Short web captions
● ● ● ● ● ● ●

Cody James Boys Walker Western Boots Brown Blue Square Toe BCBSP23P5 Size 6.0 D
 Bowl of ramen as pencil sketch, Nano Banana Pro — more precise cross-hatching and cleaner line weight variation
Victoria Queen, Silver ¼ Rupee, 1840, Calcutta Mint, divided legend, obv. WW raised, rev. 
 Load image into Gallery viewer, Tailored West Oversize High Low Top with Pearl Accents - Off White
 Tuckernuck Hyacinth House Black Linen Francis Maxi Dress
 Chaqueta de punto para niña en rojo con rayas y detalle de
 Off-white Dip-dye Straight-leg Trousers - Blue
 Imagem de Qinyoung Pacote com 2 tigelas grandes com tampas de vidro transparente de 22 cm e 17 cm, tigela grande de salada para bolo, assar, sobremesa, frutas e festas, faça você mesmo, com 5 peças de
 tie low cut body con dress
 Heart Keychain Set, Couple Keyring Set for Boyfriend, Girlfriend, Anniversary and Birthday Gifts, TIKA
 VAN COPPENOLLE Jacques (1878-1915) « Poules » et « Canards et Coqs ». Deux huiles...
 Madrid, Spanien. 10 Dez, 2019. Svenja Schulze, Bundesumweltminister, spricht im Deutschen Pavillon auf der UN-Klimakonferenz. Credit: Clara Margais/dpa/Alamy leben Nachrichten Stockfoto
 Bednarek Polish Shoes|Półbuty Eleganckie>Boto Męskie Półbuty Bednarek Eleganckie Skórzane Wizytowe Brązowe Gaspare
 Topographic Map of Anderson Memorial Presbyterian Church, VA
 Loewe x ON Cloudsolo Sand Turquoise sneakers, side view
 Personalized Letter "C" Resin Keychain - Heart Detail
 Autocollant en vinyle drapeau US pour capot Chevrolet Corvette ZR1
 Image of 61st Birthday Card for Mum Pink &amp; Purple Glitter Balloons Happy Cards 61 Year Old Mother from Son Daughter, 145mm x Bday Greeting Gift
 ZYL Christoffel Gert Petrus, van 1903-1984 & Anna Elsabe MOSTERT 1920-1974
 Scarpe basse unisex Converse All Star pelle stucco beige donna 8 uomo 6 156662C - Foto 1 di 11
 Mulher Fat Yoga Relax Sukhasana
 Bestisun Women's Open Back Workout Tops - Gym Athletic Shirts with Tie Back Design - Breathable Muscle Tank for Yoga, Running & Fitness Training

● ● ● ● ● ● ●

# WHAT IS NEEDED
Restate the records above in full, keeping each line exactly as it stands.

# YOUR SOLUTION
Cody James Boys Walker Western Boots Brown Blue Square Toe BCBSP23P5 Size 6.0 D
 Bowl of ramen as pencil sketch, Nano Banana Pro — more precise cross-hatching and cleaner line weight variation
Victoria Queen, Silver ¼ Rupee, 1840, Calcutta Mint, divided legend, obv. WW raised, rev. 
 Load image into Gallery viewer, Tailored West Oversize High Low Top with Pearl Accents - Off White
 Tuckernuck Hyacinth House Black Linen Francis Maxi Dress
 Chaqueta de punto para niña en rojo con rayas y detalle de
 Off-white Dip-dye Straight-leg Trousers - Blue
 Imagem de Qinyoung Pacote com 2 tigelas grandes com tampas de vidro transparente de 22 cm e 17 cm, tigela grande de salada para bolo, assar, sobremesa, frutas e festas, faça você mesmo, com 5 peças de
 tie low cut body con dress
 Heart Keychain Set, Couple Keyring Set for Boyfriend, Girlfriend, Anniversary and Birthday Gifts, TIKA
 VAN COPPENOLLE Jacques (1878-1915) « Poules » et « Canards et Coqs ». Deux huiles...
 Madrid, Spanien. 10 Dez, 2019. Svenja Schulze, Bundesumweltminister, spricht im Deutschen Pavillon auf der UN-Klimakonferenz. Credit: Clara Margais/dpa/Alamy leben Nachrichten Stockfoto
 Bednarek Polish Shoes|Półbuty Eleganckie>Boto Męskie Półbuty Bednarek Eleganckie Skórzane Wizytowe Brązowe Gaspare
 Topographic Map of Anderson Memorial Presbyterian Church, VA
 Loewe x ON Cloudsolo Sand Turquoise sneakers, side view
 Personalized Letter "C" Resin Keychain - Heart Detail
 Autocollant en vinyle drapeau US pour capot Chevrolet Corvette ZR1
 Image of 61st Birthday Card for Mum Pink &amp; Purple Glitter Balloons Happy Cards 61 Year Old Mother from Son Daughter, 145mm x Bday Greeting Gift
 ZYL Christoffel Gert Petrus, van 1903-1984 & Anna Elsabe MOSTERT 1920-1974
 Scarpe basse unisex Converse All Star pelle stucco beige donna 8 uomo 6 156662C - Foto 1 di 11
 Mulher Fat Yoga Relax Sukhasana
 Bestisun Women's Open Back Workout Tops - Gym Athletic Shirts with Tie Back Design - Breathable Muscle Tank for Yoga, Running & Fitness Training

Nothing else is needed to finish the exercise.